RECORD EXCERPTS:

● ● ● ●

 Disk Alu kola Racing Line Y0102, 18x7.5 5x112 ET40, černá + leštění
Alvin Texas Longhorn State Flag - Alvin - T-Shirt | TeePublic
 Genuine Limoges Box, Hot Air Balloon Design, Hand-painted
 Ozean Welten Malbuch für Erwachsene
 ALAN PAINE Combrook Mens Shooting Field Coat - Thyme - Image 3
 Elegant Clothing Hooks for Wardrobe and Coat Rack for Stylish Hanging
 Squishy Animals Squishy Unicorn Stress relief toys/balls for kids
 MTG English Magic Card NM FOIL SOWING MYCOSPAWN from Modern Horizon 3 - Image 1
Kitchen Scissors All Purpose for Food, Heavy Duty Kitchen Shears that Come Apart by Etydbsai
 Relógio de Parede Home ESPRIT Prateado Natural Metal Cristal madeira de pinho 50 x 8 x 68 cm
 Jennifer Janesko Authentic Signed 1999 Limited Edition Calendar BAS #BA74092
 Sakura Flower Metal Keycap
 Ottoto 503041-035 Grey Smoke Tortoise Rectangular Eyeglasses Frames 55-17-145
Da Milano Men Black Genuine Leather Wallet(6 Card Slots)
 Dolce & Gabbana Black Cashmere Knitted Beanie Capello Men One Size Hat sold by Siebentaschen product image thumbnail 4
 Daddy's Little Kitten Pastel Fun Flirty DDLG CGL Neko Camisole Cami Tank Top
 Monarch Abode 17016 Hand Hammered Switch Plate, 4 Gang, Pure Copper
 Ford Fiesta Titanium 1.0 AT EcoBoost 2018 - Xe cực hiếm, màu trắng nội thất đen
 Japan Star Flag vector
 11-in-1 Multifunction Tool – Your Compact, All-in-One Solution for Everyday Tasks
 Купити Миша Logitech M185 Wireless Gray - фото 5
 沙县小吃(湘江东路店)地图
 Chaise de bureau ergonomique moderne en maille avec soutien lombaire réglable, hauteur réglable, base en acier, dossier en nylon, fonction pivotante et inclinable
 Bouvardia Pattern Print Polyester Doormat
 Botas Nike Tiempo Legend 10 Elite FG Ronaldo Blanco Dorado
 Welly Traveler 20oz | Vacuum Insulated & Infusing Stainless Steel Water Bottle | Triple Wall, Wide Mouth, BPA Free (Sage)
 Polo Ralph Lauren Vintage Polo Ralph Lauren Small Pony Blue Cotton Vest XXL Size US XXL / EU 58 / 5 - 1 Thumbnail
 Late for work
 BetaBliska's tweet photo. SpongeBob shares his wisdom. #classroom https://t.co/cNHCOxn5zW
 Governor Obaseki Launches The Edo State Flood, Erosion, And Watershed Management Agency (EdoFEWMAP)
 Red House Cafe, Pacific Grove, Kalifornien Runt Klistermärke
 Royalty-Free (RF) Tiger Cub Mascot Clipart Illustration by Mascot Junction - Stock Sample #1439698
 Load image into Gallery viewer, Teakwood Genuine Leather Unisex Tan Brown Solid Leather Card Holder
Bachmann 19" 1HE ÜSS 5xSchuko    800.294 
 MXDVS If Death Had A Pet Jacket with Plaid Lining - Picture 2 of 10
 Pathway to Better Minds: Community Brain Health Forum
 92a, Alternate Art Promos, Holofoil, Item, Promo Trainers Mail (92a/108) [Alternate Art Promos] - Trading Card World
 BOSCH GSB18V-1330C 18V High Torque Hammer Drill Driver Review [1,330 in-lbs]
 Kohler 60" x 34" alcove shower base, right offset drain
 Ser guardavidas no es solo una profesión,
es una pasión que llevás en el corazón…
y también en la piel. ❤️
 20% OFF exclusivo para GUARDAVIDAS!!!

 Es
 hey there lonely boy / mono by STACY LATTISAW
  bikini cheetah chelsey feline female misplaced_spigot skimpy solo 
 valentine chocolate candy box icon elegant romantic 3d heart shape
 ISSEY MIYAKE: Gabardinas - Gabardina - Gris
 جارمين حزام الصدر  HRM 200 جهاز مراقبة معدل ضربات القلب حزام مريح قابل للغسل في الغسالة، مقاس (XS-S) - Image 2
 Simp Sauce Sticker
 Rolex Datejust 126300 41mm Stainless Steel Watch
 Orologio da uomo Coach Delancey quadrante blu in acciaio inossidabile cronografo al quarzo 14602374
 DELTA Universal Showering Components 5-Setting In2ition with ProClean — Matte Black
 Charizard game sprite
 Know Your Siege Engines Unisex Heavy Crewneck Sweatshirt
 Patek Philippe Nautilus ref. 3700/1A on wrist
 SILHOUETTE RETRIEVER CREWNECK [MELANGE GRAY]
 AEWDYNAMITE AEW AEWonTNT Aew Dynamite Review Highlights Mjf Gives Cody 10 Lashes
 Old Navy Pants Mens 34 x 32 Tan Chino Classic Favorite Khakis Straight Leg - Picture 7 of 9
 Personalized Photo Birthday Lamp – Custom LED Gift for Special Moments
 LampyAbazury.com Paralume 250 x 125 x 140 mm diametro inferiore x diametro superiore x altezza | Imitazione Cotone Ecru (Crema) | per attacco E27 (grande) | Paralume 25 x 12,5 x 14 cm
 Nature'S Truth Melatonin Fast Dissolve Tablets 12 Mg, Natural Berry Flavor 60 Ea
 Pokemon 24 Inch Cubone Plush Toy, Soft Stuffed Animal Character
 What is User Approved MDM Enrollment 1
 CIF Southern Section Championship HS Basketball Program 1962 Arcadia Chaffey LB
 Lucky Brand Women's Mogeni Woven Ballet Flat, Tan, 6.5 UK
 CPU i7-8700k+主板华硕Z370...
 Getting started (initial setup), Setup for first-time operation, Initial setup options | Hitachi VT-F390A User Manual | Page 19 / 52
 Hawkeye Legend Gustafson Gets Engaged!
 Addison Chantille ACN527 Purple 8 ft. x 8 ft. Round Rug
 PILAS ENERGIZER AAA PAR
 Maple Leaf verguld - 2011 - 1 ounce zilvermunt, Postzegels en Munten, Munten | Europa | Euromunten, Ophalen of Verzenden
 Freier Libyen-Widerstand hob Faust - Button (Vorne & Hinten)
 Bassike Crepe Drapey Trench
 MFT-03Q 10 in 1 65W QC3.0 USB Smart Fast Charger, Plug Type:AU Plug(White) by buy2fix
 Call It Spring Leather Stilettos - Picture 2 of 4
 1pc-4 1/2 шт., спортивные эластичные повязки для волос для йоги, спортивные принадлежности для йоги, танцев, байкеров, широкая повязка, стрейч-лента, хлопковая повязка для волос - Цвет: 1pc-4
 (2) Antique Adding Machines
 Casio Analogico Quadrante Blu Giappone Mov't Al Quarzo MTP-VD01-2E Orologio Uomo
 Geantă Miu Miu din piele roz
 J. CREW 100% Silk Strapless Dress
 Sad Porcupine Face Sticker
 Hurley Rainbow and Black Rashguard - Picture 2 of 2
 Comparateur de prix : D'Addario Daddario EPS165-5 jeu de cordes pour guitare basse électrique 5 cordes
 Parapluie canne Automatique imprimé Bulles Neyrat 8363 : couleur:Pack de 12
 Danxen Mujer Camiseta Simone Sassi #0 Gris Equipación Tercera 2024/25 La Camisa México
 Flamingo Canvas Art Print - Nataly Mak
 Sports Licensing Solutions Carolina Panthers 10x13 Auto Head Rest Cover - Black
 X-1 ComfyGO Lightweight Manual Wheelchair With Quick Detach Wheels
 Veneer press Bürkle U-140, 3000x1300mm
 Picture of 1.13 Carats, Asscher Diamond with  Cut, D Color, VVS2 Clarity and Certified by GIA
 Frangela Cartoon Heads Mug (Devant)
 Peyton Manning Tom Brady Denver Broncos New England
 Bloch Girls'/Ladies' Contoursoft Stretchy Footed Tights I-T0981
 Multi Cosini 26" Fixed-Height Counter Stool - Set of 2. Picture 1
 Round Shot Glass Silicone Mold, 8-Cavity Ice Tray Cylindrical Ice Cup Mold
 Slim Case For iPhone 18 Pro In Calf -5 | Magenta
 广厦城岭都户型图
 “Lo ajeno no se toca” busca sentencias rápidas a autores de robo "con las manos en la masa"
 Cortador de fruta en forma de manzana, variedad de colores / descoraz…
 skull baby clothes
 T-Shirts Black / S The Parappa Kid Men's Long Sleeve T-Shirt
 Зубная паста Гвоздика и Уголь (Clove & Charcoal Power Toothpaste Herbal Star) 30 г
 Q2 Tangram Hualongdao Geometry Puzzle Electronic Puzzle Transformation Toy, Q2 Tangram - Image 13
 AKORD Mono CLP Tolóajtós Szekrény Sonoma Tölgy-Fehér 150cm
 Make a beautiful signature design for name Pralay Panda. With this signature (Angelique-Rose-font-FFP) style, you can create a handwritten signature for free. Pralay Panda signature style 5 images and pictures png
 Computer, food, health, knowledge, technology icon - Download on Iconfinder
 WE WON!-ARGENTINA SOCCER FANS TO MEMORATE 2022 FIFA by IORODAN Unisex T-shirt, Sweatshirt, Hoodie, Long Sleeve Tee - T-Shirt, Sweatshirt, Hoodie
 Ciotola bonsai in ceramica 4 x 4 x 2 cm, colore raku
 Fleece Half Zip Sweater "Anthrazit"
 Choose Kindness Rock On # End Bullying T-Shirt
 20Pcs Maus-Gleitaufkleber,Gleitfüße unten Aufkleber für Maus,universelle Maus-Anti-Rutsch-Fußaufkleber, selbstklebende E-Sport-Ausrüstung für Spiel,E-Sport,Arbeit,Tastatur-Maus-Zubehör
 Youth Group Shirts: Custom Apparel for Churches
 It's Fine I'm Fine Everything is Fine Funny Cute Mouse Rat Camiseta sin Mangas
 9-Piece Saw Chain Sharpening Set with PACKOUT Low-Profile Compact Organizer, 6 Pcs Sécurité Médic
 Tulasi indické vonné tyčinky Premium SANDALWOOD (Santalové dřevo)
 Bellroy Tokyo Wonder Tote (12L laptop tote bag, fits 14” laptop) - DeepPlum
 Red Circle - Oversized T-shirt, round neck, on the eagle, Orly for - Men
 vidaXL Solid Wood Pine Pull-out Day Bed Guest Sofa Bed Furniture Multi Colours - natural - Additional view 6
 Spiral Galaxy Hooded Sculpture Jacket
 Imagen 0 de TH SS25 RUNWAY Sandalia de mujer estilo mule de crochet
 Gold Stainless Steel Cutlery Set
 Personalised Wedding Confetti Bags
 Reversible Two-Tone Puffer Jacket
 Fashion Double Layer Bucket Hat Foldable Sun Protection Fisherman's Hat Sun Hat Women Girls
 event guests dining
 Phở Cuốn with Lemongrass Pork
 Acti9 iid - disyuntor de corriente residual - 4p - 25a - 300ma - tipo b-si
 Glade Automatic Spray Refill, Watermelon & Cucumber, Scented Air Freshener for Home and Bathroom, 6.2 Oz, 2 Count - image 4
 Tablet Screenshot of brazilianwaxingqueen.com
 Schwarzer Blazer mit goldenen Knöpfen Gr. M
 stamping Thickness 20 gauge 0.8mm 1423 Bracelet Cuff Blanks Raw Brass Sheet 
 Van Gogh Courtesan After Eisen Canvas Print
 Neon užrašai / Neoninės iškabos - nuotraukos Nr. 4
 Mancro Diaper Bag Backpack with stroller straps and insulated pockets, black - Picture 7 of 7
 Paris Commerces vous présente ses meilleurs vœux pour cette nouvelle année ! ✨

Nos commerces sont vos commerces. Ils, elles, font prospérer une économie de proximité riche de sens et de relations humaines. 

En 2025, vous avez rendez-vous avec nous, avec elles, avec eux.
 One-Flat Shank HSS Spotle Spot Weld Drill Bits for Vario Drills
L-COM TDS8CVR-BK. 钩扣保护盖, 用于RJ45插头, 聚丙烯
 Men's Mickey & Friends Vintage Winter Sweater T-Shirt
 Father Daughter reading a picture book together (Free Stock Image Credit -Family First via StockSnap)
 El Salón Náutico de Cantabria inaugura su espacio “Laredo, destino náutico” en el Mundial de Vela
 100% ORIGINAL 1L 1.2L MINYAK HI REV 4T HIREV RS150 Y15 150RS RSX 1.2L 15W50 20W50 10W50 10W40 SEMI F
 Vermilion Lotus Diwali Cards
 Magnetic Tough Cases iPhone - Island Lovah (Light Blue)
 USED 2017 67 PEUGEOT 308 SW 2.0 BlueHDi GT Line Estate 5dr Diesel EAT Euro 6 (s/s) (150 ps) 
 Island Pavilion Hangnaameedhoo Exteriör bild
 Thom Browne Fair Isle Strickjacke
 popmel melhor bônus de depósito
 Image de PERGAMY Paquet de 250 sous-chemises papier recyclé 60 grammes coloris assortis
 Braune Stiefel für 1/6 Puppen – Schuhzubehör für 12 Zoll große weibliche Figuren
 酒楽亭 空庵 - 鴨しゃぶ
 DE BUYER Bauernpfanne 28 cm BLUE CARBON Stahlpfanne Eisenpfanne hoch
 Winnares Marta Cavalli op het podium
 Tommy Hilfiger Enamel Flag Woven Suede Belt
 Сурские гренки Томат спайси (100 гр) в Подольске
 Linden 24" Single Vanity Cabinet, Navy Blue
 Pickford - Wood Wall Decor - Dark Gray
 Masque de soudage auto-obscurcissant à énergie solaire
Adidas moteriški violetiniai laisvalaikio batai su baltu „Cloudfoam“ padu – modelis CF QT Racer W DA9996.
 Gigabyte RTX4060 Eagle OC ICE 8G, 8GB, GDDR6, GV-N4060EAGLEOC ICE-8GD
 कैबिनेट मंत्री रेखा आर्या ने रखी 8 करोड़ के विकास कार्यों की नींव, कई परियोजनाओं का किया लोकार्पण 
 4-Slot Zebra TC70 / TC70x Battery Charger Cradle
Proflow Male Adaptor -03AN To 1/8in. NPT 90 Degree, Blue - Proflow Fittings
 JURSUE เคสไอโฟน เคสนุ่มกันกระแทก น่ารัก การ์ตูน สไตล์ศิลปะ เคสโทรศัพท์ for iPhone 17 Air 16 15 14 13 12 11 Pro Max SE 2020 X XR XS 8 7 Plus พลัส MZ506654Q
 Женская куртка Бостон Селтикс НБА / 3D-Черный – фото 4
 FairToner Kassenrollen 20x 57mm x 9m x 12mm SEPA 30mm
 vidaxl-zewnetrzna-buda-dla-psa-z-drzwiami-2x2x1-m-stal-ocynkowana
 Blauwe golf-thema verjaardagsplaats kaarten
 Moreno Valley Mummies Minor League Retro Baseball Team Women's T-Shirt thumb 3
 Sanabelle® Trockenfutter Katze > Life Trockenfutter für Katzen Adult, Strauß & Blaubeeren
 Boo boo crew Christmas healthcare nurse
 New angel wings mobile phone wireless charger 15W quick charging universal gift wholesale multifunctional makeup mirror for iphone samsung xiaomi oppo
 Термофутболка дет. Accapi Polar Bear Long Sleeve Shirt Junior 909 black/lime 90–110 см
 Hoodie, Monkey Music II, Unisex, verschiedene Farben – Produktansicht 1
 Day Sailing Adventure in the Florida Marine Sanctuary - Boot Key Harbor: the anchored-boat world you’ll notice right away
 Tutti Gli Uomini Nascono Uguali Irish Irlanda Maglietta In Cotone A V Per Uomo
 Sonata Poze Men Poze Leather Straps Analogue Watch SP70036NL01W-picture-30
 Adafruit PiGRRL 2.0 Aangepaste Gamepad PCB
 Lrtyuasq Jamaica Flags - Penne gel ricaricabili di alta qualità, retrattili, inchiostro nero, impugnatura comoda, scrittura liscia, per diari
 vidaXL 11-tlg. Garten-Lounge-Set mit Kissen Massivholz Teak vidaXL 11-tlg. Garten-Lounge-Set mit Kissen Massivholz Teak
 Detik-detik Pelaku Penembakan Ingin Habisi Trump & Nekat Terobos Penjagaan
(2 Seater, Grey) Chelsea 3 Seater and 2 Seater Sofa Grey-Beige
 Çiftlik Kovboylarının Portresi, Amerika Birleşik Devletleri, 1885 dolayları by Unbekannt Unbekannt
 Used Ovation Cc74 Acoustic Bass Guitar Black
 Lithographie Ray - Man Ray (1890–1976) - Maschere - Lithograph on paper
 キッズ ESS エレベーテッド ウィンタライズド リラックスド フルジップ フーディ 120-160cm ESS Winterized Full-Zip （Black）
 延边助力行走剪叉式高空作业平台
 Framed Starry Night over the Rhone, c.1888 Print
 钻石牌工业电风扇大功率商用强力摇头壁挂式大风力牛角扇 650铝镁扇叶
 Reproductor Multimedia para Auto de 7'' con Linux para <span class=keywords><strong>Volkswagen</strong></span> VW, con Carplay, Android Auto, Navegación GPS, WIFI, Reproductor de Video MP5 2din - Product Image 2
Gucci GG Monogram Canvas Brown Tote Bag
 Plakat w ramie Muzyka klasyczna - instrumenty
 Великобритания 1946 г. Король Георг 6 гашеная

● ● ● ●

WHAT IS EXPECTED:
Look above for the line with "skull baby clothes"; retype exactly that line, every line after it up to the line with "Computer, food, health, knowledge, technology", and that line too, nothing else.

PROBLEM SOLUTION:
 skull baby clothes
 T-Shirts Black / S The Parappa Kid Men's Long Sleeve T-Shirt
 Зубная паста Гвоздика и Уголь (Clove & Charcoal Power Toothpaste Herbal Star) 30 г
 Q2 Tangram Hualongdao Geometry Puzzle Electronic Puzzle Transformation Toy, Q2 Tangram - Image 13
 AKORD Mono CLP Tolóajtós Szekrény Sonoma Tölgy-Fehér 150cm
 Make a beautiful signature design for name Pralay Panda. With this signature (Angelique-Rose-font-FFP) style, you can create a handwritten signature for free. Pralay Panda signature style 5 images and pictures png
 Computer, food, health, knowledge, technology icon - Download on Iconfinder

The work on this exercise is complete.